Su amigo reacciona con incredulidad, horror y furia.
—¡Salín, como yo descubra que es cierto lo que acabas de contarme, juro por lo más sagrado, que la mato! —asegura, trémula de ira su voz, los ojos llameantes.
—Mi pobre amigo, actúa como acabo de aconsejarte y, cuando veas los resultados, obra como tu honor te dicte. ¡Ah! y de momento no compres ningún camello; puede ser dinero malgastado.
—No lo compraré. Descuida.
A la tarde del día siguiente, Mustafá Babá se lleva a su atractiva y recatada novia Fátima a un bosquecito cercano a la kasba. Quiere averiguar qué hay de cierto en lo que su amigo Salín le contó sobre ella. Allí, ocultos entre la arboleda, intercambian los dos ardientes, arrebatadas caricias por encima de la ropa. Siguiendo lo que ha planeado, cuando más enardecidos se encuentran, Mustafá Babá se arremanga la chilaba hasta las ingles. Debajo de ella no lleva absolutamente nada, por lo que deja expuesta su intimidad secreta, en este momento tan exaltada que apunta al cielo, y que la supuesta púdica y virginal Fátima, le había jurado y perjurado, nunca le ha visto a él ni a ningún otro hombre.
Y ella no reacciona como su enamorado espera y desea. No se le incendia el rostro en rubores, no grita escandalizada, no huye corriendo, sino que expresando una notable sorpresa y preocupación se delata:
—Tú estás enfermo, mi querido Mustafá. Ese color azul que tiene tu intimidad alterada lo demuestra.
—¡Ah, traidora! ¡Así que has visto otros miembros masculinos antes que el mío! ¡Confiesa o te mato aquí mismo!
Reconociéndose descubierta y ante el justo temor de que su prometido cumpla la amenaza vertida, Fátima, temblado toda ella, confiesa que en un par de ocasiones, antes de conocerlo a él, un par de hombres ruines y mentirosos la habían seducido aprovechándose de su ignorancia, candidez e inocencia.

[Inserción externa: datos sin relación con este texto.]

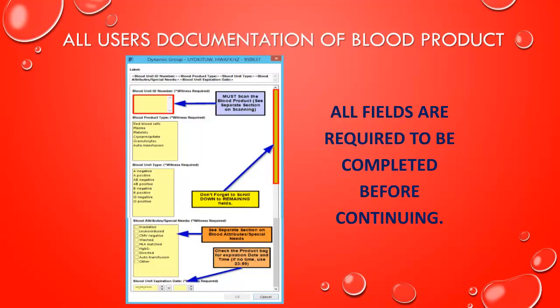When creating a dynamic group for blood products, all fields are required. The blood unit ID must scan the product in. Don't forget to scroll down to the remaining fields. There's a separate section on blood attributes and special needs that we'll discuss. You'll also need to check the product bag for expiration date and time. If there is no time, use 2359 as the expiration time.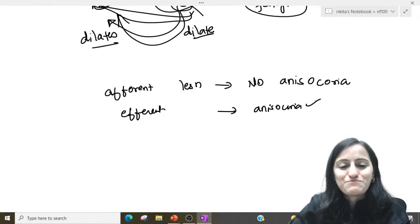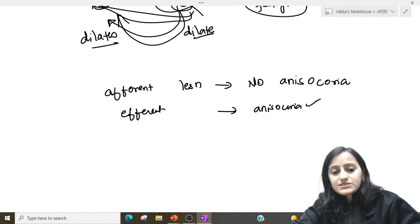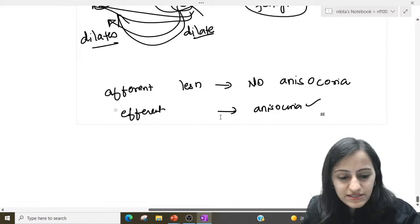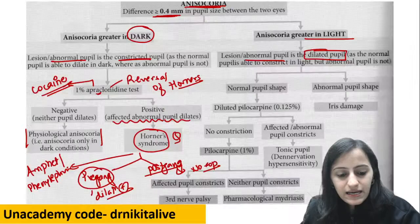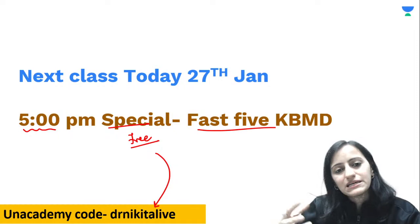That wraps up the quick review of pupil abnormalities. Make notes, go back to your primary notes, revise them, and solve the MCQs to build confidence in this topic. We meet again at 5 PM for Fast Five KBMD — Kaan Banega MD Live Quiz — to help develop MCQ solving skills. Thank you and goodbye. Keep studying, keep revising, and keep winning.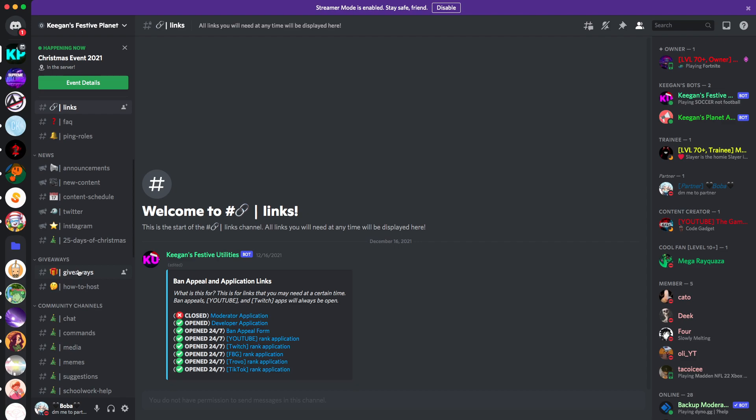Yeah, we have active giveaways. Make sure guys to join Keegan's server and my server. I'll leave a link in the description for both of them down in the description. Okay, so what else to talk about on Discord.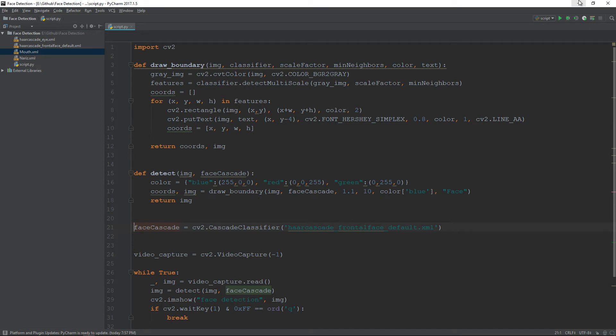Welcome to part 3 of how to detect a face using OpenCV in Python. In the previous tutorial we detected a face in an image, and in this tutorial we will be detecting the eyes, nose, and mouth.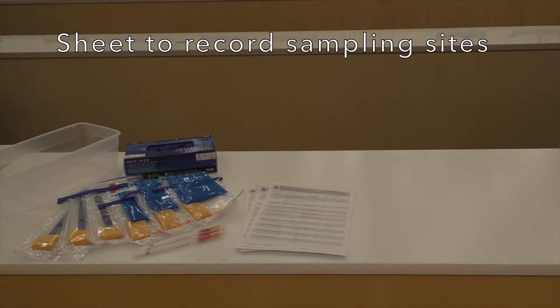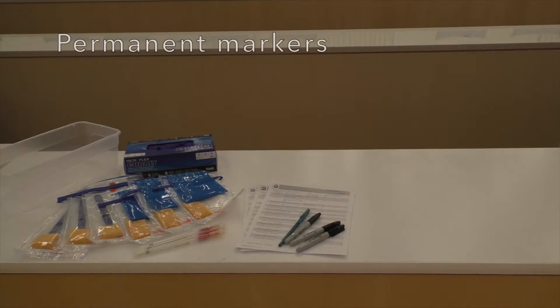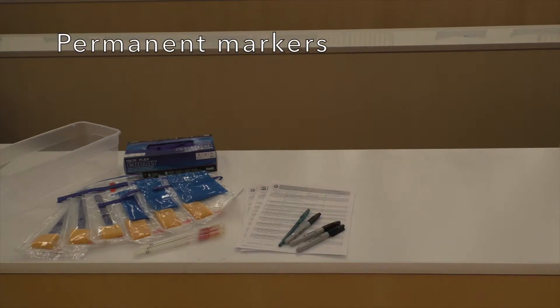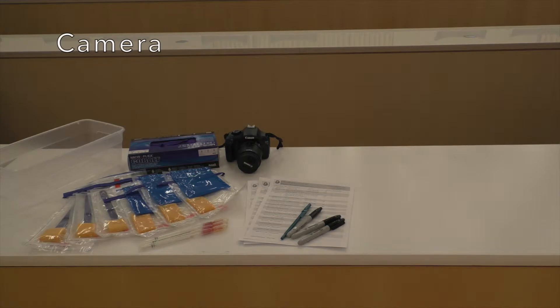Sheet to record sampling sites, permanent markers to label sample bags, camera to take pictures of sampling sites.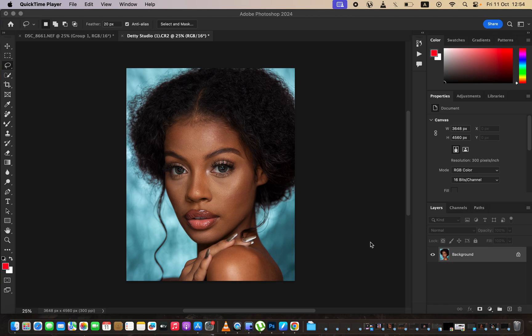Hello, in this video I'll be showing you how you can easily edit using frequency separation in just 10 minutes. If you want to download the image and follow along, check the links in the description. You're going to be learning frequency separation from start to the very end in just 10 minutes. Frequency separation divides the image into colors and textures.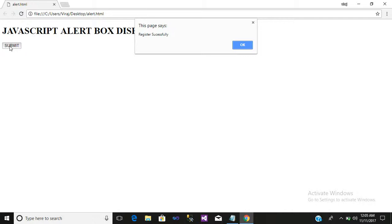So in this way you can set an alert box on your various kinds of registration pages where you want to display some kind of message or alert.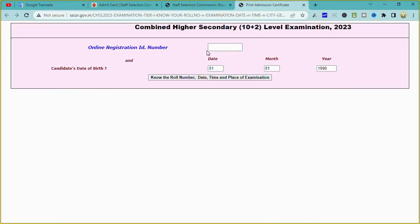Here is your registration ID. You have to type in your data and click on your roll number, date of exam. You will see timing — 1st sitting, 2nd sitting — and the main city, which may be different for each candidate.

El sábado de esa misma semana, en el zoco, Salín el-Aho encuentra a su amigo Mustafá Babá comprando, por casi nada, un camello tan chuchurrido que no merece la pena siquiera el mirarlo.
—¡Vaya, Mustafá! —se sorprende—. Parece que sigues con la idea de casarte. ¿Superó tu Fátima la prueba a la que, siguiendo mis consejos, la sometiste?
—La superó, y tanto ella como yo maldecimos a todos los que han ensuciado su inmaculada virtud. Y ahora lárgate de aquí, si no quieres probar la hoja de mi cuchillo. ¡Que estoy que me molesta hasta el aire que respitro! ¡Y no digamos las malditas moscas!
Salín el-Aho, es lo bastante suspicaz para suponer lo ocurrido.
—Como tú quieras —dice resignado—. Te deseo suerte.
Mustafá Babá sigue con mirada triste a su buen amigo alejándose, cabizbajo, tirando de la cuerda que sujeta el cuello del camélido esquelético y tambaleante que ha adquirido para reunir la suma total que le ha pedido su exigente, futuro suegro. No ha podido decirle, por vergüenza y amor propio, que sabe ha pasado él a engrosar el cada vez más numeroso grupo de los hombres mansos, cornudos y decadentes.